Is it still possible to drink renowned wines in great restaurants?
When a great chef meets a great winegrower... sparks fly!
We should, however, qualify this remark and specify that not all great chefs have an innate sensibility to wine. For some, wine is actually just a “coefficient”, a way to make a margin by selling a bottle for 80 or 100 euros in the dining room, when it cost only 10 on leaving the cellar. Result? Customers with a taste for wine are reduced to just ordering mineral water or wine by the glass, though even these are not cheap options! Revered like an artist, the modern chef finds it hard to accept the idea that a great wine should be drunk for itself and, taking the lead role, can have precedence over and determine the dish.
In the 1980s, Alain Senderens (founder of Lucas Carton) was the first chef to question this implicit subordination of wine to the dish. A great wine possesses its very own architecture and its personality is dominant: it cannot therefore be relegated to the rank of “accompanist” but must, on the contrary, inspire the dish. A question of absolute harmony, certainly, but also of energy: from the terroir where the wine is sourced, to the dish that has been created with this wine in mind it is, in the end, the same energy that flows. Senderens has thus recounted a thousand times how one day, when he was tasting an old Château de Beaucastel (one of the most famous Châteauneuf-du-Papes) with a gamy bouquet, the idea came to him that this wine “which smelt of hare’s belly” would be ideally matched by a lièvre à la royale (braised hare)… A great dish for a great wine, the perfect combination!

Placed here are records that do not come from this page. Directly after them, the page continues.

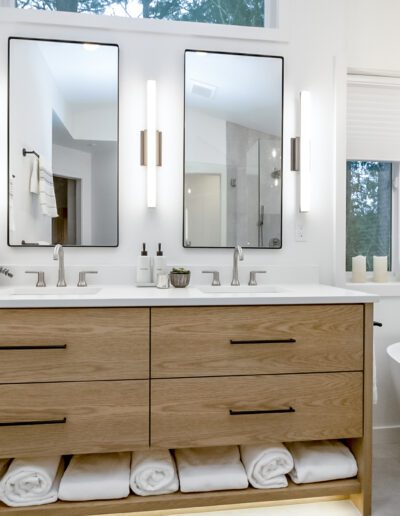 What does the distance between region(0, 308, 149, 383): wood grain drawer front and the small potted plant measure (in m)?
0.42

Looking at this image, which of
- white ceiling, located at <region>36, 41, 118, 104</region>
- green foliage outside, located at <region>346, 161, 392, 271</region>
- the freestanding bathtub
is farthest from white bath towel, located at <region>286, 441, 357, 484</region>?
white ceiling, located at <region>36, 41, 118, 104</region>

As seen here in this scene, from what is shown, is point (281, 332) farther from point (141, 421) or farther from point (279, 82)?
point (279, 82)

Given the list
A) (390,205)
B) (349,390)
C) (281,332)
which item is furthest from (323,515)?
(390,205)

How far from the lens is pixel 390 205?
2.33 metres

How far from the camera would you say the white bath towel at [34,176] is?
1.88 metres

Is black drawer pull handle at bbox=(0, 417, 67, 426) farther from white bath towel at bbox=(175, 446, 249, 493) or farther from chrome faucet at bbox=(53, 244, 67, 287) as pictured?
chrome faucet at bbox=(53, 244, 67, 287)

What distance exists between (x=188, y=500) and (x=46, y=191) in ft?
4.79

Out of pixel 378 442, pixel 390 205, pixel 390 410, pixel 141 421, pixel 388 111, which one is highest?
pixel 388 111

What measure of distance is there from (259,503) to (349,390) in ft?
1.89

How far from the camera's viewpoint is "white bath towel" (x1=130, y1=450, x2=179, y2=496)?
144 centimetres

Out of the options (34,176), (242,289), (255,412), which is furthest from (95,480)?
(34,176)

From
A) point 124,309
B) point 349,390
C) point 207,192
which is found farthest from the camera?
point 207,192

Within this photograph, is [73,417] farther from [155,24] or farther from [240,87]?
[155,24]

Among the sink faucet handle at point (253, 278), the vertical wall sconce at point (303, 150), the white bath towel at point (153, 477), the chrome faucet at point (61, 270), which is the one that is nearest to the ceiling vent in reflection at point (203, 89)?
the vertical wall sconce at point (303, 150) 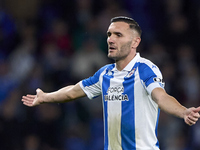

Alain Dutournier continues in his own way the work of discovery initiated by Alain Senderens. Best restaurateur sommelier in Paris and member of the Académie du Vin de France, Dutournier stands out from other great chefs by his phenomenal knowledge of wine and his ability to create a dish based on a wine. The menu he has developed for his Carré des Feuillants restaurant reads like a novel, the prestigious appellations going hand in hand with almost unknown table wines… And all this – oh joy – at comparatively affordable prices!
A cuisine that ventures off the beaten track
In culinary terms, Alain Dutournier also gives the impression of being an exception in a gastronomic landscape that is today very civilised and conventional. This native of the Adour region, brought up on wild salmon, foie gras and Chalosse beef, learnt from his mother how to concoct delicious meals with “next to nothing” – which requires a lot of imagination…
His refined cuisine is always constructed around three basic ingredients: oyster, seaweed and caviar / shrimp, melon and saffron / lobster, almond and fennel / eel, chanterelle and apricot / John Dory, cauliflower and horseradish / sea bream, peas and mango / young partridge, potimarron pumpkin and hazelnuts / date, ginger and saffron…
Far from the endless emulsions, consisting mainly of air, which disintegrate in two minutes and leave your plate as empty as an oyster shell, Dutournier has decided to remain true to his childhood by creating a cuisine rich in strong flavours, as illustrated by his crayfish jelly, foie gras and sweetbread, or his truffled fattened pullet from Béarn with spring vegetables.